The results of the study demonstrate that the use of abundant intravenous serum during the first hours and days of admission is not recommended
THEWATERFALL study, which has been carried out in 19 health and research centers in Spain, India, Italy and Mexico with the participation of 249 patients, and under the leadership of the General University Hospital Dr. Balmis (Alicant), has been published in the magazine The New England Journal of Medicine (NEJM), the most prestigious in the world in clinical medicine.
La pancreatitis is a disease that can be moderate or severe and is the result of acute inflammation of the pancreas and the tissue that surrounds it. Currently, it is the third cause of admission due to disease of the digestive system. Acute pancreatitis produces nausea, vomiting, and severe abdominal pain, which usually resolves within a few days with treatment. However, in one out of three cases, there may be complications that affect the pancreas and even other organs.
Treatment in recent years for patients admitted for acute pancreatitis recommended the abundant infusion of serums with the aim of providing a large amount of fluid to improve blood supply to the pancreas. The published study shows that this practice is not recommended since it can produce a volume overload of the circulatory system and, even, can increase the risk of cardio-pulmonary complications.

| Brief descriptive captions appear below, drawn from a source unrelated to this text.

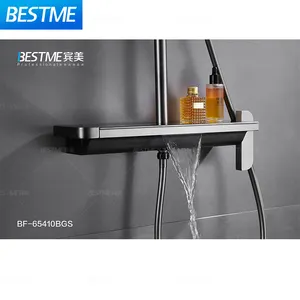 Mirror surface Rain Fall Shower Mixer Set 3-functions black shower taps Wall Mounted shower set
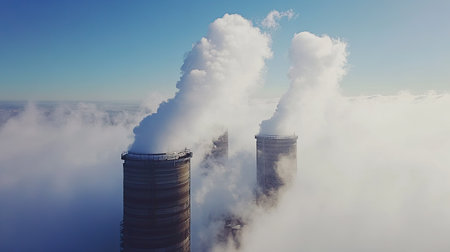 Dynamic aerial view of cooling towers with steam clouds blending into the blue skyの素材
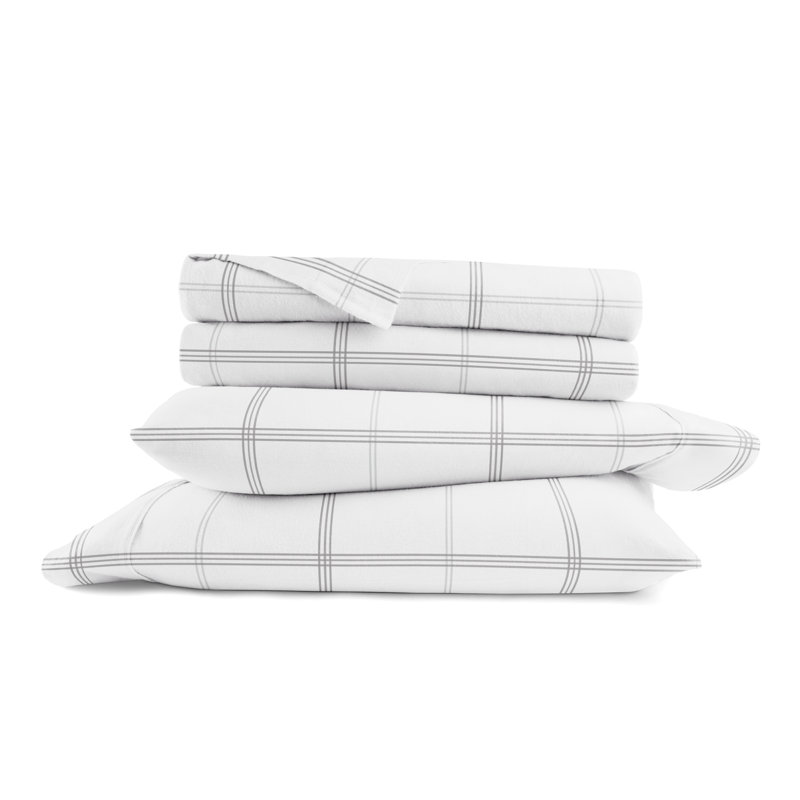 Isabela Plaid 100% Cotton Checkered Pattern Flannel Sheet Set, Queen Sheet Set + Fitted Sheet + 2 Pillowcases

This conclusion could change the current clinical practice of acute pancreatitis worldwide
This conclusion could change the current clinical practice of acute pancreatitis worldwide, as thestudy has been qualified as a "Landmark study" is preferably used for NEJM. The journal publishes an editorial stating how many fluids have been administered to patients.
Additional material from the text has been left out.